- BRIEF: Take the line with "used 2025 Ram 2500 car, priced at $71,000" as the first and the last line of the data as the end. Write out both and every line between exactly, except pictures.

- RECORDED DATA:
+++
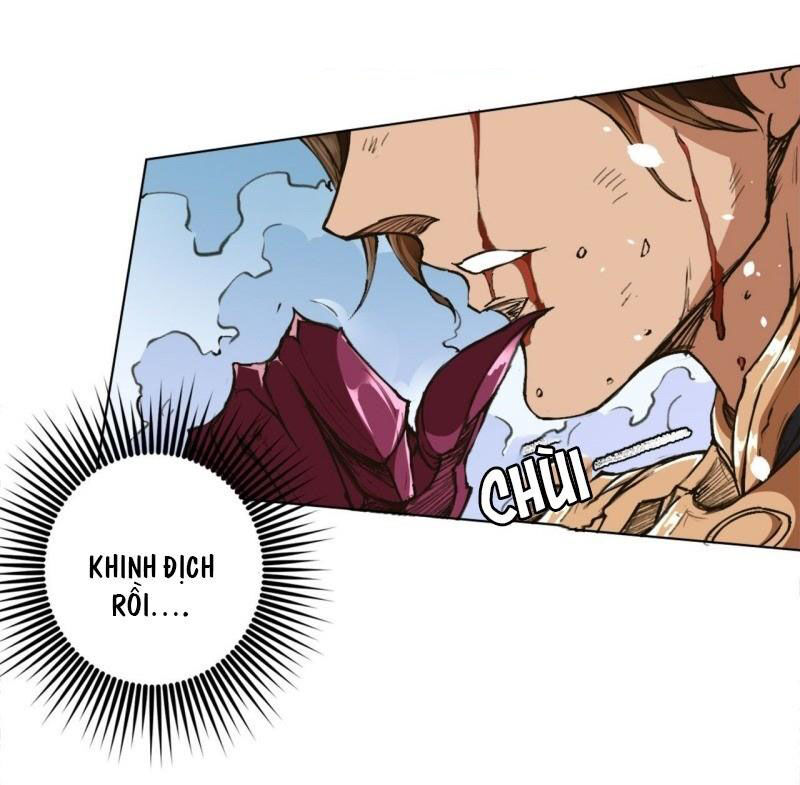 đường dần tại dị giới 2 chapter 2 4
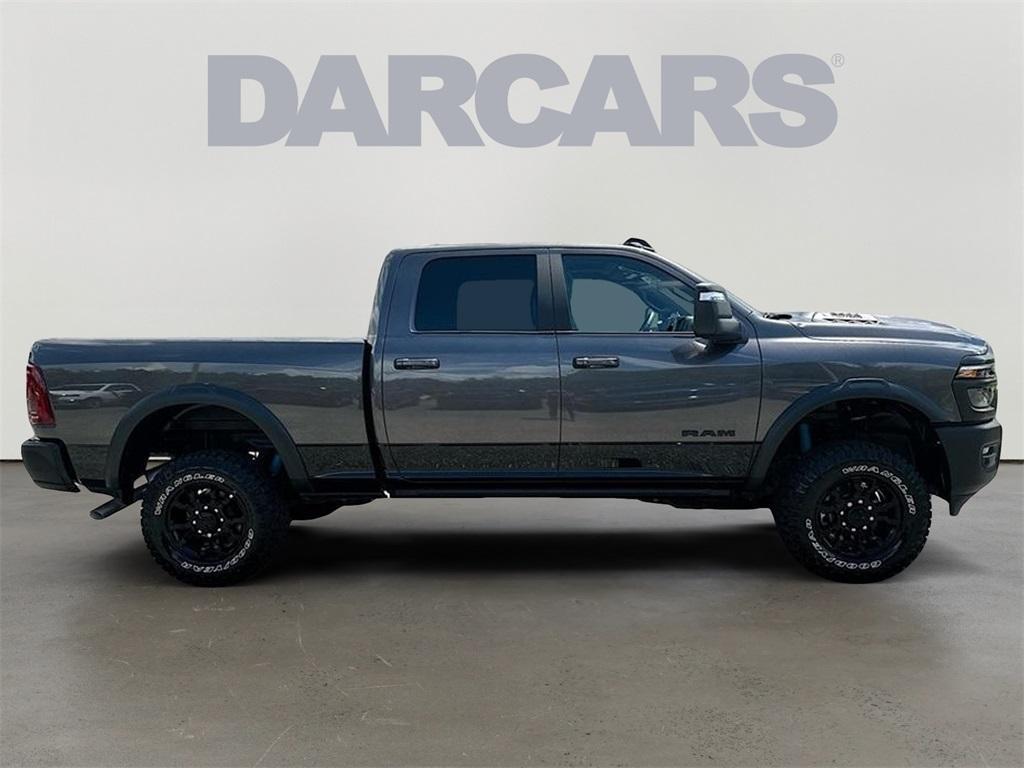 used 2025 Ram 2500 car, priced at $71,000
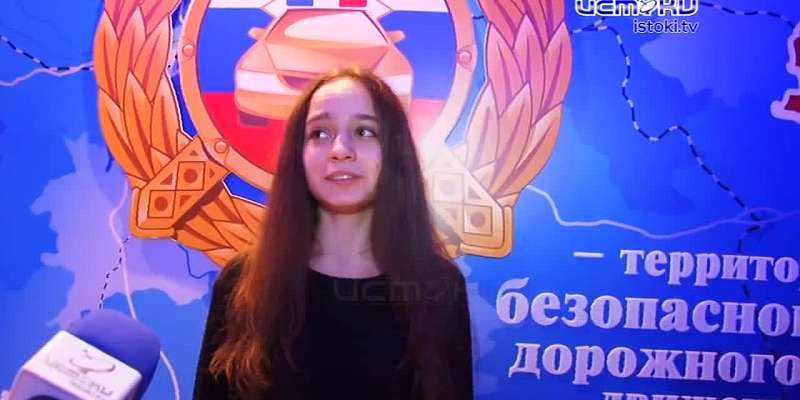 Студент орловского техникума сдал экзамен на права за 1 мин 25 сек. ГИБДД ему подарила бесплатное обучение в автошколе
+++
- SOLUTION:
 used 2025 Ram 2500 car, priced at $71,000
 Студент орловского техникума сдал экзамен на права за 1 мин 25 сек. ГИБДД ему подарила бесплатное обучение в автошколе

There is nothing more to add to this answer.